Data augmentation for text (Recent paper)

Seems like this paper might be of interest/useful in the context of the fastai text augmentation.

EDA: Easy Data Augmentation Techniques for Boosting Performance on Text Classification Tasks

Jason W. Wei, Kai Zou

(Submitted on 31 Jan 2019)

We present EDA: easy data augmentation techniques for boosting performance on text classification tasks. EDA consists of four simple but powerful operations: synonym replacement, random insertion, random swap, and random deletion. On five text classification tasks, we show that EDA improves performance for both convolutional and recurrent neural networks.
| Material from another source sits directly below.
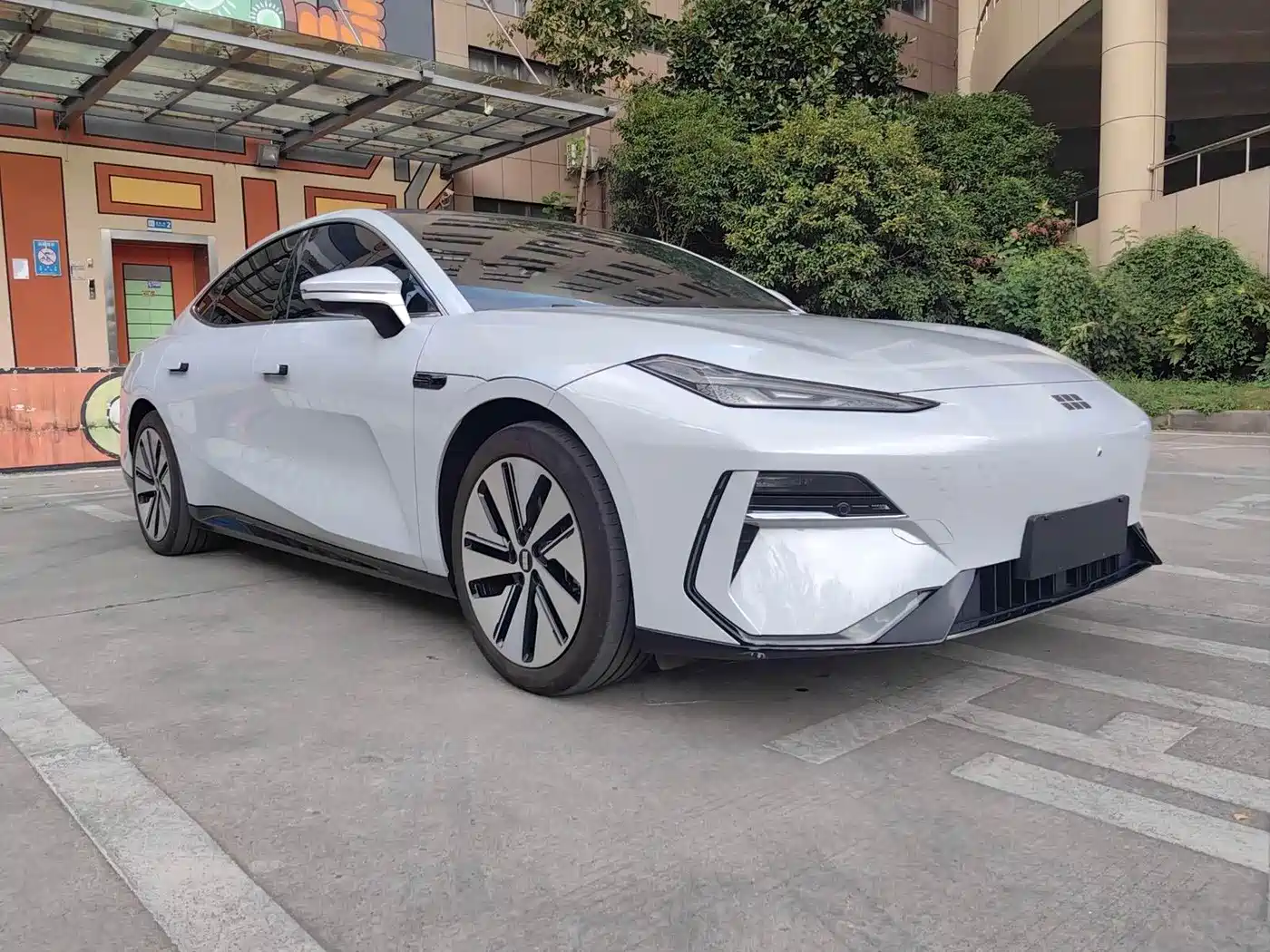 Geely Galaxy Galaxy E8 2024 665km RWD Starship Voyager Edition фото 3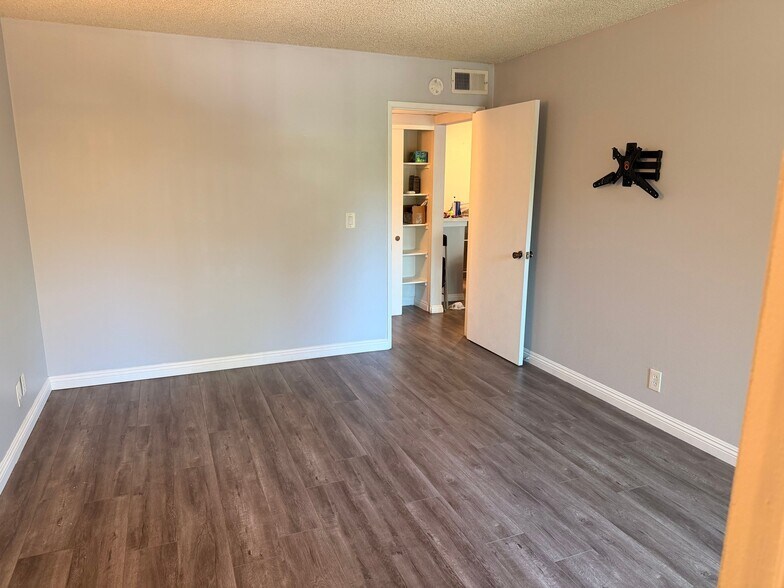 Building Photo - 576 N Bellflower Blvd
EDA demonstrates particularly strong results for smaller datasets; on average, across five datasets, training with EDA while using only 50% of the available training set achieved the same accuracy as normal training with all available data. We also performed extensive ablation studies and suggest parameters for practical use.

Oh, looks interesting! I’ll see what we can take of this.


I’m curious how you’re thinking of doing the replacement and swap augmentations… I’m about to do something similar for tabular data (porting a denoising autoencoder from fastai 0.7) and it uses swap noise for the input variables which I originally implemented as a custom dataloader.

In my initial look at transforms I got the sense they’re designed to act on a single input and don’t have a sense of the set of inputs or of the other items in the batch. I’m thinking of integrating it into the model instead by swapping from within the batch, which I think will be a lot more efficient than doing it in the dataloader, but I definitely am interested in your perspective as I hope to eventually add it to the fastai codebase.